Deze invloed is niet alleen te danken aan het beeldend werk, maar ook aan de publicaties met kunstopvattingen zoals die in Nederland verspreid raakten. Van Über das Geistige in der Kunst (1912) ontstonden in korte tijd verschillende Nederlandse vertalingen. Kandinsky kondigde een nieuw tijdperk aan waarin het materialisme zou wijken voor het ‘geestelijke’ en transcendentale. Zo verwoordde hij de uitgangspunten van zijn nieuwe abstracte kunst. Verder werd zijn invloed gestimuleerd via Nederlandse kunstverzamelaars, zoals dominee Hendricus van Assendelft, de joodse diamantair Willem Wolff Beffie en de antroposofe Marie Tak van Poortvliet. Op een tentoonstelling in 1927, in de ‘erezaal’ van het Stedelijk Museum, was Kandinsky evenzeer prominent vertegenwoordigd, ditmaal met nieuw werk uit de periode ’22-’25, dat verder reisde naar kunstenaarsgenootschap en galerij Pulchri Studio in Den Haag. In de pers ontving zijn nieuwe stijl op dat moment een positievere waardering dan het werk van Mondriaan en van andere kunstenaars van De Stijl met wie hij vergeleken werd.
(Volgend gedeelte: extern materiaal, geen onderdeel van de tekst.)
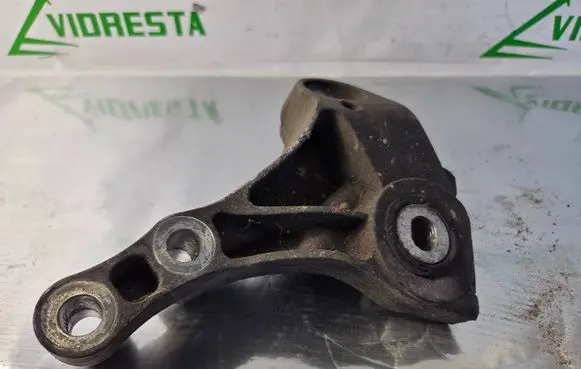 Engine mounting bracket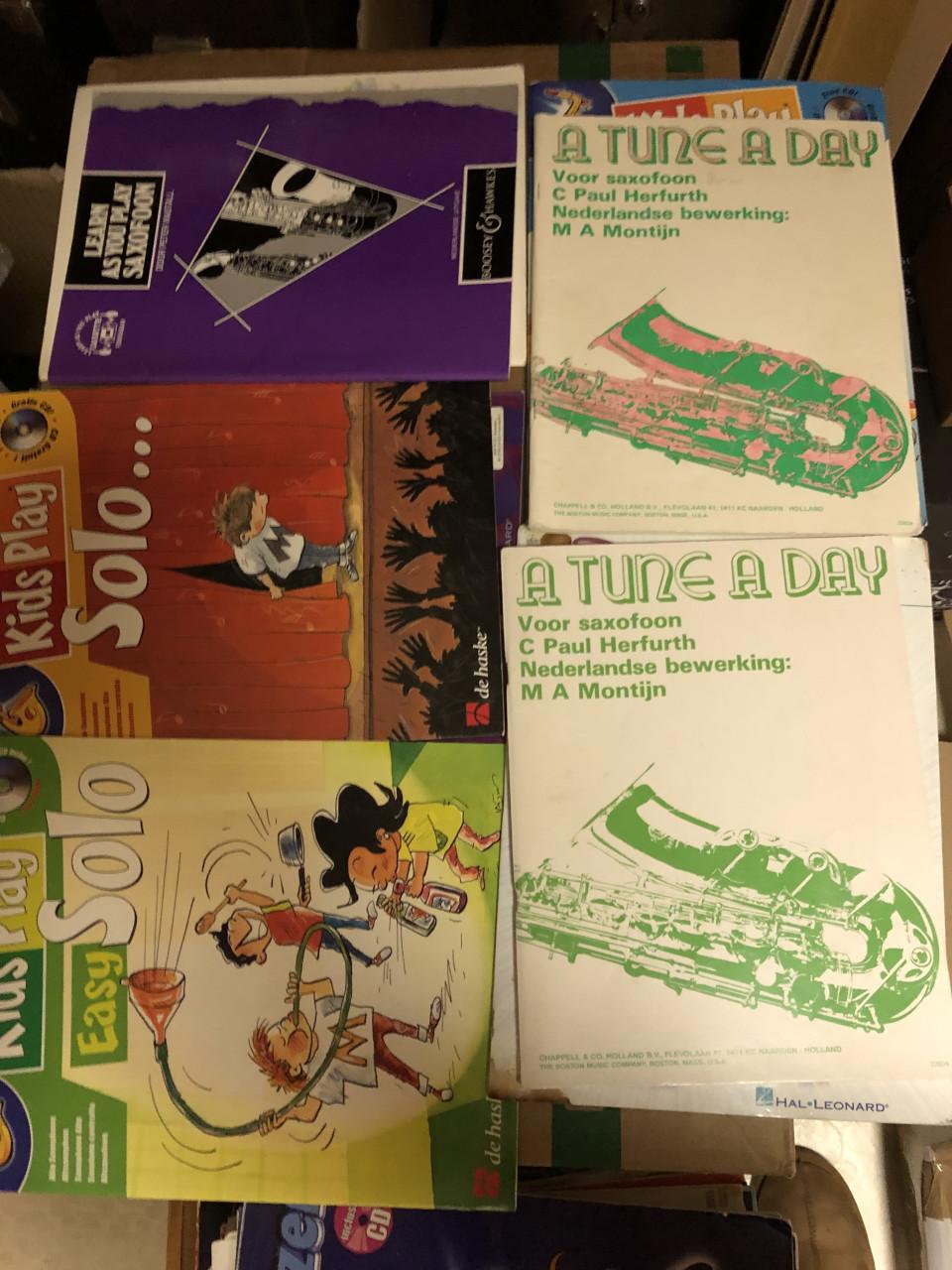 Muziek boeken,altsax,gitaar fluit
Als abstract kunstenaar werden de tijden voor hem echter niet gemakkelijker. Nadat het Bauhaus, waar Kandinsky doceerde, in 1933 de deuren moest sluiten, verhuisde hij naar Frankrijk. In 1938 nodigde Willem Sandberg hem uit voor de tentoonstelling Abstracte Kunst in het Stedelijk. Kandinsky stond Sandberg bij met advies, in de overtuiging dat er op dat moment internationaal een afkeer tegen abstracte kunst bestond. De tentoonstelling bevatte werk van veel emigranten, van wie het werk in Duitsland inmiddels als ‘ontaard’ was verklaard. Na afloop besprak Kandinsky met Sandberg de mogelijkheid van een Amsterdamse solotentoonstelling in het najaar van ’38. Uiteindelijk ging de tentoonstelling niet door en konden de schilderijen ook niet in het Stedelijk terecht. Door strategische keuzes moesten wel vaker door vluchtelingen aangeboden collecties worden afgewezen, omdat ze uit het oeuvre van slechts één kunstenaar bestonden. Tijdens de Duitse bezetting, in oktober ’40, kocht het Stedelijk wel Bild mit Häusern (1909), uit de collectie van de joodse familie Lewenstein. (In 2021 werd dit schilderij aan de familie teruggegeven.) Het blijft een open vraag wat er gebeurd zou zijn als het Stedelijk Kandinsky’s collectie in 1938 wel had geaccepteerd.
Na de verschrikkingen van de oorlog ontwikkelde Sandberg, inmiddels directeur van het Stedelijk, een voorkeur voor expressionistische kunst. In ’47-’48 organiseerde het Stedelijk een tentoonstelling waaraan Nina Kandinsky ruimhartig haar medewerking verleende met vele bruiklenen. Naast de schenking van een waterverf uit ’33 wilde ze ook stukken verkopen waar Sandberg weinig voor voelde. Sandberg sloeg in die tijd andere aanbiedingen af omdat ze uit de ‘verkeerde’ periode kwamen. Wel kocht hij in 1955 Improvisatie 33 (ontwerp voor het oosten) uit de collectie van Assendelft uit 1913, dat Kandinsky’s overgang naar de volledige abstractie toont.
Uit de catalogus van de tentoonstelling in H’ART Museum blijkt dat vooral het Centre Pompidou verantwoordelijk was voor de inhoud. Het zou aangewezen zijn in de toekomst ook aandacht aan de Nederlandse context te besteden, zeker als die er zo dik bovenop ligt. Hier ligt een grote rol weggelegd voor Nederlandse conservatoren en experts.
• Kandinsky, tot 10 november, H’ART Museum, Amstel 51, Amsterdam.